Meet the weaponized propaganda AI that knows you better than you know yourself
I read a lot of articles and reports every day but this one by Jessica Hall for ExtremeTech is one I found fascinating and thought might also be of interest to subscribers. Here is a section:
More data meant a better guess, of course. Seventy “likes” were enough to make the AI’s prediction of a person’s OCEAN score better than their friends could do, 150 made it more accurate than what their parents got, and 300 “likes” could do better predicting a person’s OCEAN score than the best human judge of a person: their spouse. More “likes” could even surpass what a person thought they knew about themselves, by predicting their OCEAN score closer than the person’s own best estimate of what their score would be.
It goes the other way, too. To a database, a person’s name and entries from their profile are just nodes in an n-dimensional space, and the connections between nodes aren’t necessarily directional.
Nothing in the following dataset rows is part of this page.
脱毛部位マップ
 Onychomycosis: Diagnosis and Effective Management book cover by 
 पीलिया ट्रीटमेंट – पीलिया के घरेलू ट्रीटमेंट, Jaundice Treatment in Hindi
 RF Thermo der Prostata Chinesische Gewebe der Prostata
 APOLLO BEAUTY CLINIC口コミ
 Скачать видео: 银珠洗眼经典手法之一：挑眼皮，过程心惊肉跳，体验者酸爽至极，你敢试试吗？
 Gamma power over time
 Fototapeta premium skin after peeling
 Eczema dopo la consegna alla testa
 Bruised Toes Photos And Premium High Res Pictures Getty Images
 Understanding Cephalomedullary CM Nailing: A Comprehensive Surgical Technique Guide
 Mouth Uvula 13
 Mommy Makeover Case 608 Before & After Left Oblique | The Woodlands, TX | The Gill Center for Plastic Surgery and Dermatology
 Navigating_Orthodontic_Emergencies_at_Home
You can class individuals by similarities in the data, or you can search the data for individuals who fit into a class. It’s as simple as doing an alphabetical sort in an Excel sheet.
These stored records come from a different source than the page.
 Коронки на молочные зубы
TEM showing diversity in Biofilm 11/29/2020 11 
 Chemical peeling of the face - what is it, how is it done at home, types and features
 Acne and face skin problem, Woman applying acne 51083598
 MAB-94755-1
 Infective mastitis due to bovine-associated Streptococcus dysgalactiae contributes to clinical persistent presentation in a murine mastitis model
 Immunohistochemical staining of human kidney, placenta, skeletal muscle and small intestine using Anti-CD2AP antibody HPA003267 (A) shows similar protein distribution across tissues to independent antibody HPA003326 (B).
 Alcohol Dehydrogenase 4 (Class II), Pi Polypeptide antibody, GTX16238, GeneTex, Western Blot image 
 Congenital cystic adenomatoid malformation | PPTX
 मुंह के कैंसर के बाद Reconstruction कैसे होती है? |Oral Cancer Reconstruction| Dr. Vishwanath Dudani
Was granularity in marketing the deciding factor in the US presidential election? It is often said that presidential elections are won by those who master new media whether that was JFK’s use of television or Obama’s use of social media. Trump certainly appears to have employed highly targeted messages aimed at very specific demographics to sway voter intentions in pivotal states. This also helps to answer the question which baffled onlookers during the campaign, how was he getting such traction by underspending his rival?
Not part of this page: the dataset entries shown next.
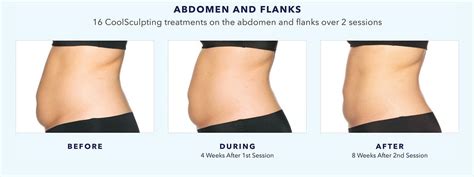 DIY CoolSculpting | The Dangers of CoolSculpting at Home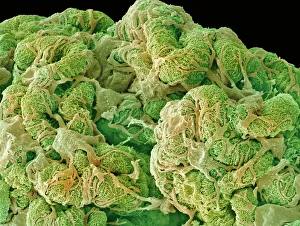 SEM Print of Kidney Glomerulus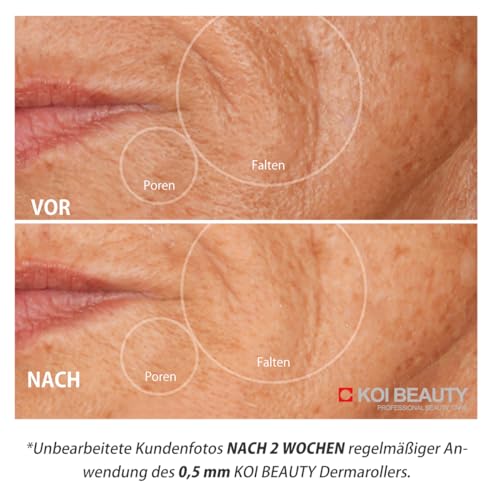 Dermaroller Koi Beauty 1,5 mm mit 200 echten Nadeln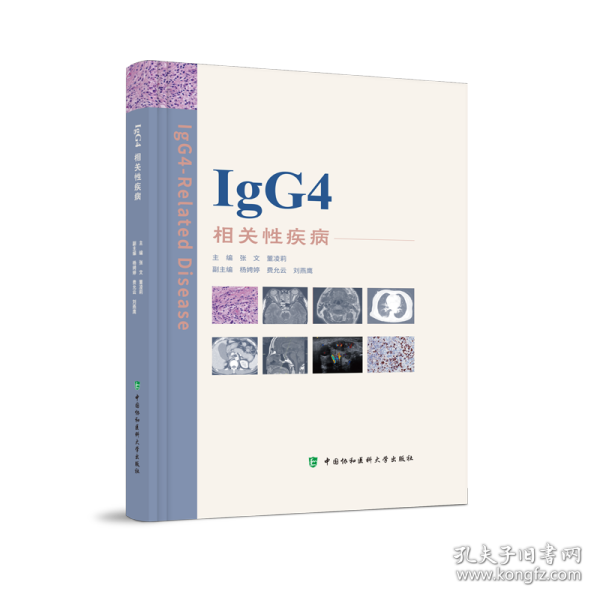 IgG4相关性疾病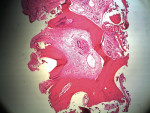 Figure 11  Histologies from regenerated sites at 6 months. Low-power microscopic examination revealed new bone formation in conjunction with a number of unresorbed xenograft particles (hematoxylin and eosin [H&E] stain; original magnification x10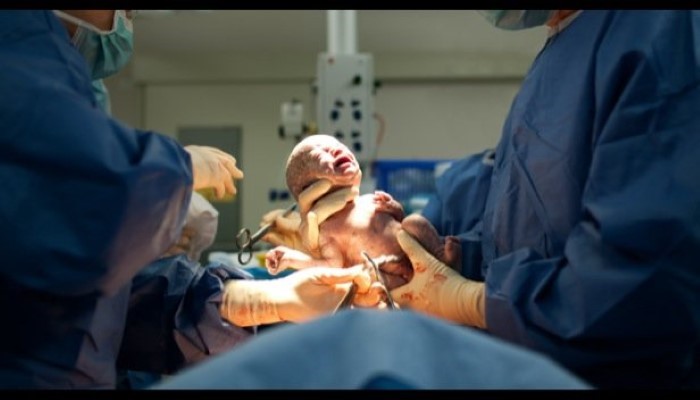Au bloc opératoire : bébé qui naît par césarienne Au bloc opératoire : bébé qui naît par césarienne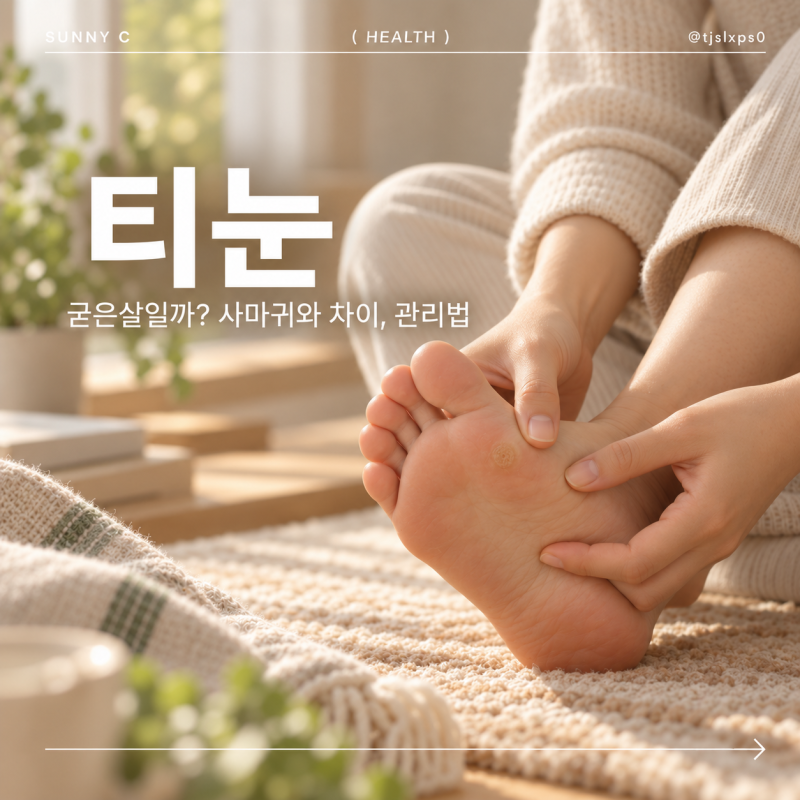 티눈 왜 생길까? 사마귀와 차이부터 제거 방법, 재발 예방법까지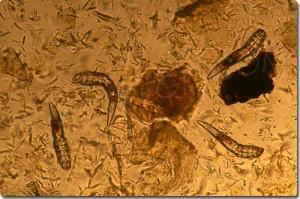Le parasite dans le caviar du saumon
Another question that should now be asked is whether the bombastic approach to just about everything which played so well for his campaign is exactly what the psychographics dictated would work best? That represents quite the challenge for the transition to governing and might explain why we are now seeing some moderation of attitude with the next Presidential election four years away.
Politics is important but commerce is so much larger and using this kind of data to influence buying decisions represents significant earning potential. The types of companies that own the large datasets on which this kind of marketing relies are the surest winners from this evolution which is why companies like Facebook, Alphabet, Amazon, Apple, Netflix, Microsoft and Priceline, have tended to outperform.
The bigger point of course is that this trend is specifically targeted at online retail. Brick and mortar stores are competing at a distinct disadvantage. Going to the mall today is more about experiences and people tend to spend money on food and services while maybe trying items on but ordering them online at a potentially better price.
That has forced retailers to respond. When in London last month Mrs. Treacy wanted me to purchase two kid’s swimsuits from Monsoon, but I found they only carry a small number of items in their physical stores; keeping the majority of the merchandise for the online store. Under Armour and Ralph Lauren remain in significant downtrends as they attempt to beef up their online offerings at the expense of physical locations. .
Australian listed Westfield is an interesting microcosm of the challenges facing physical locations. At least in Los Angeles it owns some of the most appealing shopping malls which consistently attract large number of consumers. Nevertheless it is competing against the growth of online. The Dubai and Emirates malls, on the other hand, were full when I visited two weeks ago but they are trading in a tax free environment and have invested heavily in experiences like ice skating rinks, aquariums etc.
Westfield’s share pulled back sharply in late 2016 to break the medium-term progression of higher reaction lows and encountered resistance in the region of the trend mean in January. A sustained move back above the 200-day MA is now the minimum requirement to signal a return to demand dominance.